§ WHAT THE TASK ASKS
Search the entries below for the word "será" and copy each line that has it.
***** DATA FOR THIS TASK *****
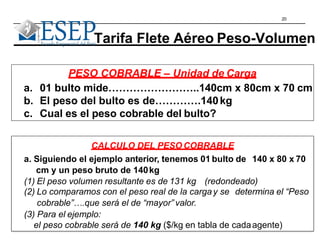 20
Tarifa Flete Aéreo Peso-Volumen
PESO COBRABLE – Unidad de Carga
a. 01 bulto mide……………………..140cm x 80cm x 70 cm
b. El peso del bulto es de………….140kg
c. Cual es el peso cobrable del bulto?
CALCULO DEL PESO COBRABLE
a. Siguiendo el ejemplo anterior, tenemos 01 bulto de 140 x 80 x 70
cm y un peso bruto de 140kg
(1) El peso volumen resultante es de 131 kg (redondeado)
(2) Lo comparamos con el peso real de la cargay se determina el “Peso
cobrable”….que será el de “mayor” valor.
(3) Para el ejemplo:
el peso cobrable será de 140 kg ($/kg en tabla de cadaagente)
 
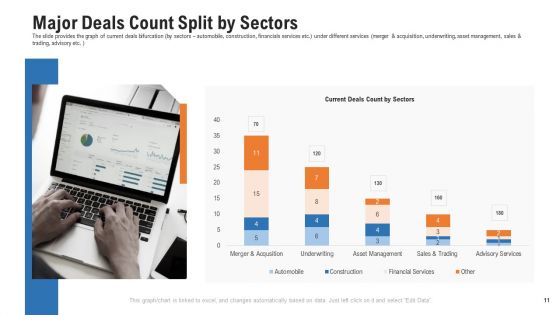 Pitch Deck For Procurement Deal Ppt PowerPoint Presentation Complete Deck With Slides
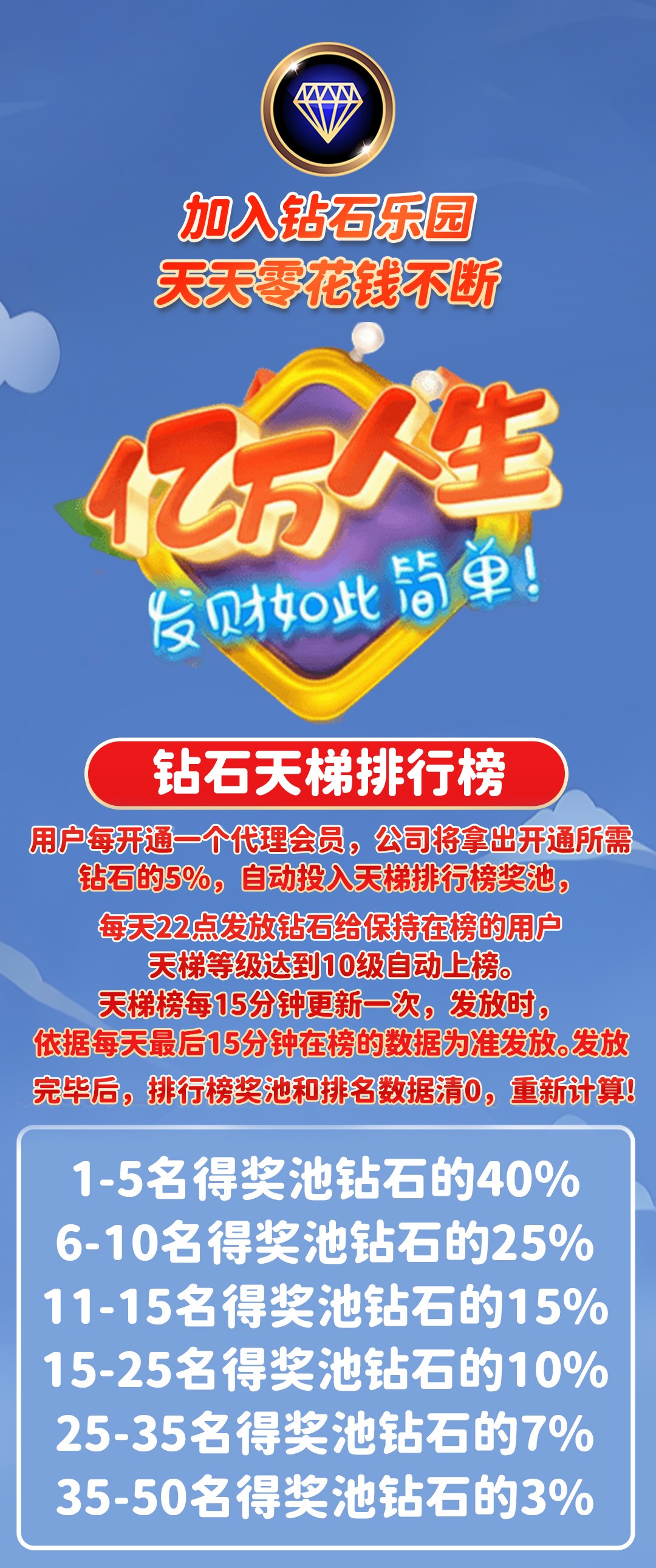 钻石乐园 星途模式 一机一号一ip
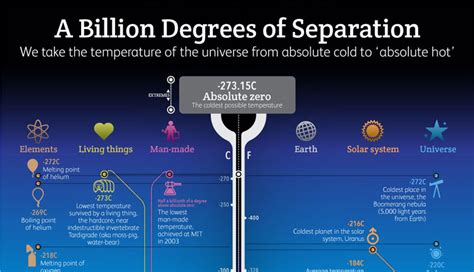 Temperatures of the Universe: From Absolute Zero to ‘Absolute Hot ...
*****
§ YOUR SOLUTION
cobrable”….que será el de “mayor” valor.
el peso cobrable será de 140 kg ($/kg en tabla de cadaagente)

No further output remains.